Magnetic isotopes as a means to elucidate Earth and environmental chemistry

Anatoly L. Buchachenkoabcde

a N. N. Semenov Institute of Chemical Physics, Russian Academy of Sciences, Moscow
b Institute of Problems of Chemical Physics, Russian Academy of Sciences, Chernogolovka, Moscow region
c Science Center in Chernogolovka of the Russian Academy of Sciences, Chernogolovka, Moscow Region
d P. G. Demidov Yaroslavl State University
e Department of Chemistry, Lomonosov Moscow State University
English full-text Citations (14) Russian version article
DOI: https://doi.org/10.1070/RCR4818
Abstract: In Earth and environmental chemistry, magnetic isotopes provide a universal means to identify reaction mechanisms. Mass-independent fractionation of isotopes as a signature of a mechanism occurs by two ways: first, via the magnetic isotope effect (MIE), which is controlled by magnetic, or hyperfine, coupling between unpaired electrons and magnetic nuclei in paramagnetic species (particularly, in radicals), and, second, via the nuclear volume effect (NVE), which is induced by the volume difference between isotopic nuclei. The MIE is the dependence of the reaction rates on the nuclear magnetic moment of reactants and fractionates magnetic and nonmagnetic isotopes, whereas NVE fractionates isotopes with different nuclear volumes. Both effects, MIE and NVE, are supposed to coexist in condensed phases. A decisive test for their differentiation is illustrated by the example of radical pairs with mercury nuclei. Namely, if isotope fractionation is controlled by MIE, the ratio Δ201Hg/Δ199Hg is expected to be in the range of 1.05–1.25 for isotopic enrichment and 0.80–0.92 for depletion. If isotope fractionation is controlled by NVE, this ratio is estimated to be in the range of 0.50–0.62. In contrast to MIE-induced bidirectional fractionation controlled by the direction of coherent spin conversion of the radical pair (triplet–singlet or vice versa), the NVE induces unidirectional, universal isotope fractionation, which is almost independent of the reaction mechanism. In contrast to MIE which exhibits inversion of the fractionation sign depending on the spin multiplicity of reactants, NVE is incompatible with the inversion of the fractionation sign. The MIE is an unambiguous indicator of the radical mechanisms and dominates in chemical reactions, whereas NVE prevails in nonchemical processes.
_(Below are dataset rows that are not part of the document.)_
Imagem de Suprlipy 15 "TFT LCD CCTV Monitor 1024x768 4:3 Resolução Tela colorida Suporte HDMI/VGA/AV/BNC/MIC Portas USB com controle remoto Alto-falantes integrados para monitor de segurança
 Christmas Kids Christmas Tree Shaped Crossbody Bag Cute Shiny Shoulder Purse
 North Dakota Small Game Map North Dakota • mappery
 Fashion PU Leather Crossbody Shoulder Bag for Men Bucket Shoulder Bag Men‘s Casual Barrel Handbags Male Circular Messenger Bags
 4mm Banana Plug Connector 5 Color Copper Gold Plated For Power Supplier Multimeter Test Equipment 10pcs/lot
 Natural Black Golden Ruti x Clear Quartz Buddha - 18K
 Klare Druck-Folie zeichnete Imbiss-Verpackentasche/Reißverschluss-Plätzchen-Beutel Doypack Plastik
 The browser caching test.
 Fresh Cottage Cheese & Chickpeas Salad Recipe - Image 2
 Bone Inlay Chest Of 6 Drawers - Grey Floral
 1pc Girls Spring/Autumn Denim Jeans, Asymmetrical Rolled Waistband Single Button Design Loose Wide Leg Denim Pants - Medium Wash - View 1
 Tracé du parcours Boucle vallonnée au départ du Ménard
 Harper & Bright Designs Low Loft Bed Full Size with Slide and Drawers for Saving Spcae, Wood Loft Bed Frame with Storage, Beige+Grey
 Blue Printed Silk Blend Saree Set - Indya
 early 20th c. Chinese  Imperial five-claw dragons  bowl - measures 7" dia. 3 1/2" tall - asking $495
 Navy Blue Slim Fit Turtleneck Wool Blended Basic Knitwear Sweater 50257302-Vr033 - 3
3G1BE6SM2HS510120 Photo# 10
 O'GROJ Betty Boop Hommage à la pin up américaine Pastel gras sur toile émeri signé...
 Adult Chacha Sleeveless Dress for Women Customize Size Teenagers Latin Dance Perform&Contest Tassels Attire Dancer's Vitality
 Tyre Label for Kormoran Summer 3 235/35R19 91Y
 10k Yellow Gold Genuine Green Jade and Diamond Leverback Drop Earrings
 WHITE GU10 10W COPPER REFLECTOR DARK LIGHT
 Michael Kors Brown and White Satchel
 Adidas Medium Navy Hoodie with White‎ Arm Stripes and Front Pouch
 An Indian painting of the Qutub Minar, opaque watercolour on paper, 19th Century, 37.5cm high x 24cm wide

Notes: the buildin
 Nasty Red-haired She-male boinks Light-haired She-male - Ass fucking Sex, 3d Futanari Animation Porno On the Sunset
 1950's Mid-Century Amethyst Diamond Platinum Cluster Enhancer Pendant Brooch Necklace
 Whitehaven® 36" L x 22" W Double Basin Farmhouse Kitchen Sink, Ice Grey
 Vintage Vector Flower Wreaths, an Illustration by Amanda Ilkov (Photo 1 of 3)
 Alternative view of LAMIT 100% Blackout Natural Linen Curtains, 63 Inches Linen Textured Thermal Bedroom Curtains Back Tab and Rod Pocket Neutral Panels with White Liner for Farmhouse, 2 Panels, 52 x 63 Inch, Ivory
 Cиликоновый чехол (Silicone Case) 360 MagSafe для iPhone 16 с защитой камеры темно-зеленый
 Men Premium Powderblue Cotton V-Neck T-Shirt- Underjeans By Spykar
Chemical scenarios of MIE-induced oxygen, sulfur, iron, silicon, tin, mercury, germanium and uranium isotope fractionation in photostimulated and dark reactions are analyzed in terms of reaction mechanisms including reactions in living organisms. In conclusion, some restrictions, uncertainties and problems in Earth and environmental chemistry are discussed.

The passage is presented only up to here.